La espera
Para ser buen montañero hay que ser muy bueno esperando.
Cuando las predicciones meteorológicas favorables animan los cálculos para la cumbre, los veteranos rememoran expediciones en las que han pasado veintitrés días seguidos en el campo base, encerrados en las tiendas de campaña, soportando vendavales y nevadas; o seis semanas instalados en una arista gélida en la que esperaban y esperaban unos pocos días de buen tiempo que nunca llegaron.
Todavía hoy, cuando podemos viajar a cualquier rincón del mundo de un día para otro, hasta la expedición más rápida al Karakórum necesita dos semanas sólo para situarse en la casilla de salida, en el campo base: un día en el avión, dos de trámites y compras en Islamabad, otros dos de traqueteo infame por la Karakorum Highway, una jornada para repartir las cargas en los bidones en Skardú, otra para ir en todoterreno hasta el último pueblo y siete días de caminata por el glaciar.

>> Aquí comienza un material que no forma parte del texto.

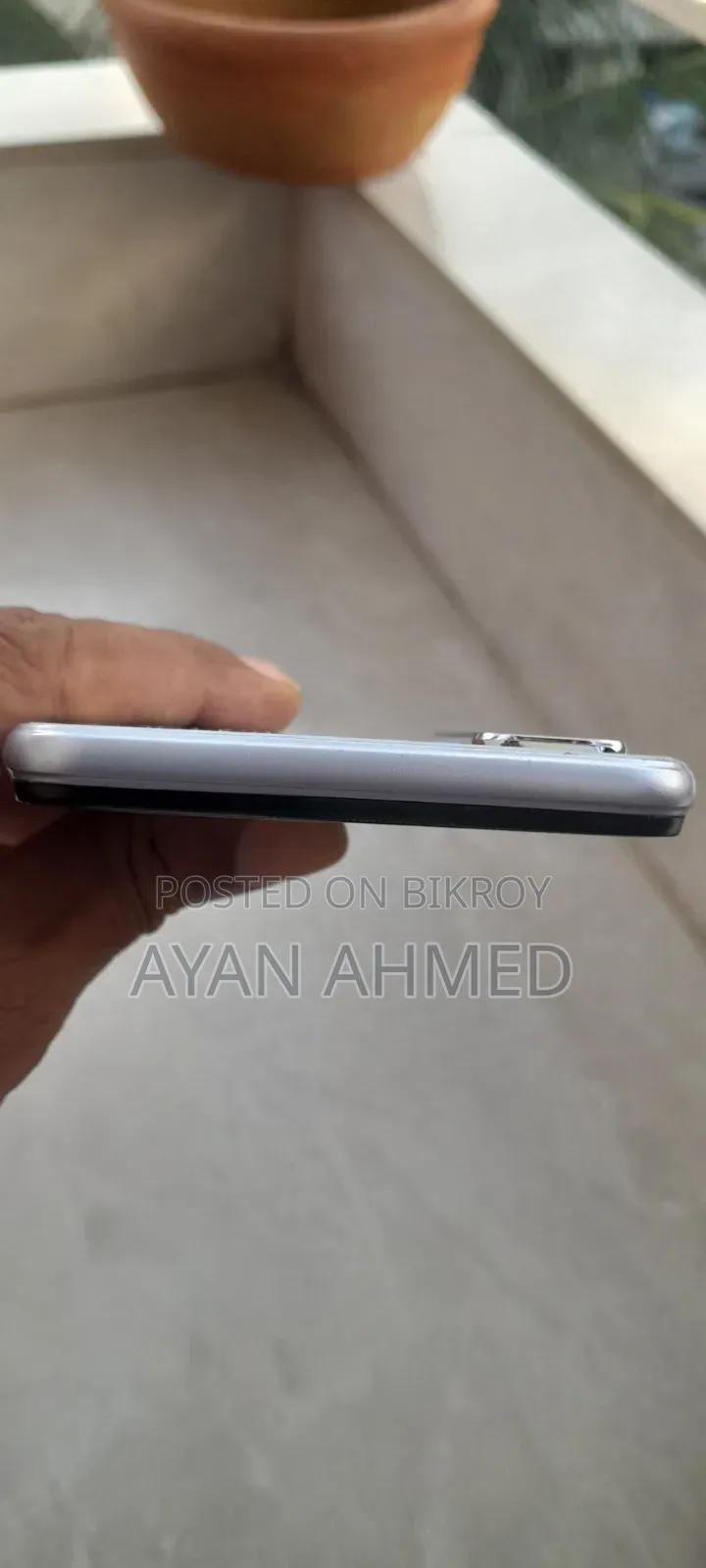 Vivo Y12s 32 GB নীল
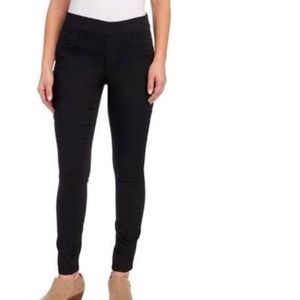 Bandolino Thea Pull on Crop Legging Size 8
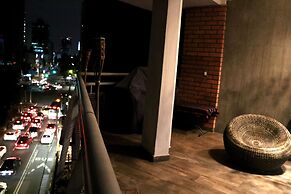 Shunya Apartment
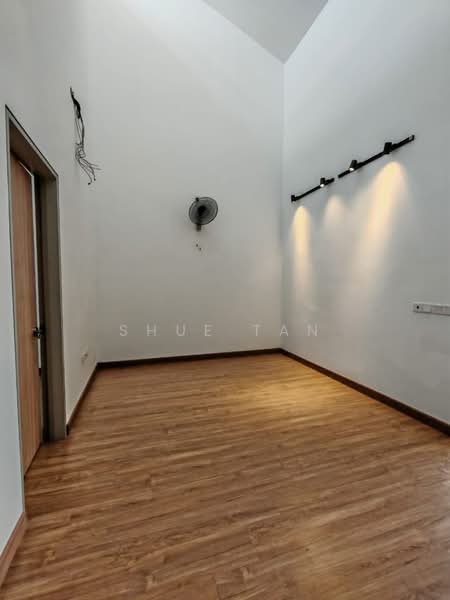 Rumah Teres 2 Tingkat untuk Disewa di Bandar Bukit Raja (Klang) - Shue Tan - PropertyGuru.com.my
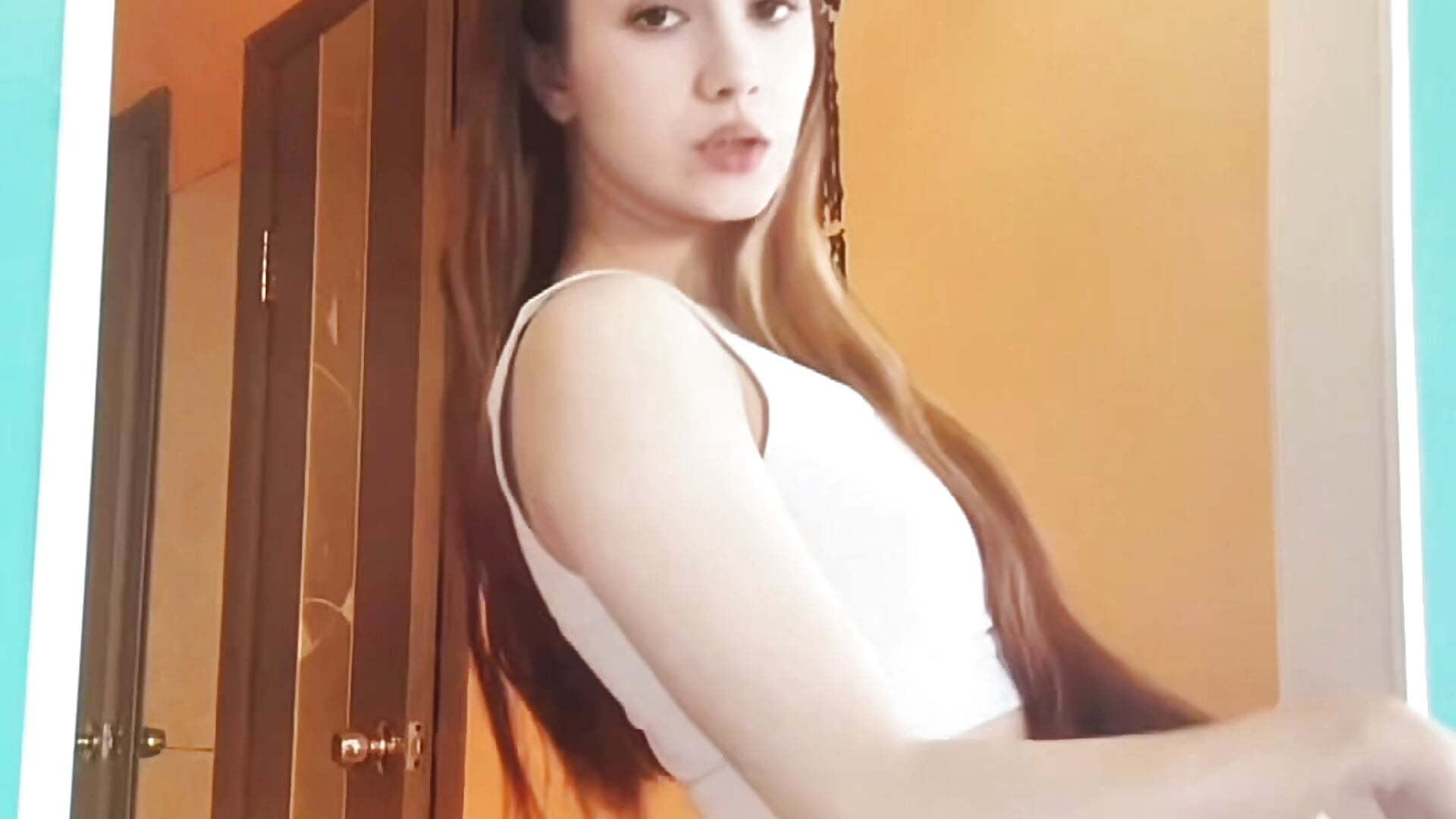 TuuutsT  tuuuuTst - vídeo de la modelo de cam CupSizeGirl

Y luego vienen las largas esperas en el campo base por culpa del mal tiempo, las jornadas de descanso entre fase y fase de aclimatación, los días de dudas en los que cuesta decidir si se sube o no se sube... El montañismo es un gran ejercicio de paciencia, una actividad en la que no es posible doblegar los tiempos ni pretender ninguna inmediatez: a 5.000 metros hay que saber esperar y aburrirse.
Los impacientes, generalmente los más jóvenes, se consumen tras varios días de letargo en el campo base. Se hartan, deciden subir al menos al campo 1 aunque el pronóstico anuncie algo de nieve y viento, gastan energías en pasos precipitados, queman fuerzas sin conseguir ganarles tiempo a los veteranos que esperan y suben más tarde.
Los veteranos hacen sudokus. Los montañeros de nuestra expedición son unos fieras rellenando filas con numeritos. También leen y leen: yo me estoy ventilando Vida y destino, de Vasili Grossman, y me esperan los libros de viajes Siete años en el Tíbet, de Heinrich Harrer, y Desde el lago del cielo, de Vikram Seth; circulan de mano en mano Loiolako hegiak, de Imanol Murua Uria (sobre las conversaciones de Loiola entre PSE, PNV y Batasuna), Descenso al caos, de Ahmed Rashid (un ensayo sobre la situación de Pakistán, Afganistán y Asia Central) y varias novelas policiacas con mucho asesino sueco. Los montañeros también sestean. Hacen visitas a otras expediciones con las que compartimos el campo base (tenemos como vecinos a montañeros de élite, esquiadores extremos, aventureros de todo pelaje, un arsenal de historias de las que dejan los ojos boquiabiertos). Pasan las horas mirando con prismáticos a la nueva vía que pretenden abrir. Esperan con la cámara de fotos el momento exacto del atardecer en el que los rayos de sol incendian las tres cimas del Broad Peak. Y pierden una y otra vez al mus, salvo quien juegue conmigo de pareja.
(Partida después de la cena, en la tienda-comedor decorada a la pakistaní, con la baraja que me regaló Fernando Martínez Sarasqueta en vísperas de venir al viaje).
Publicado el 30 de junio de 2010 a las 10:30.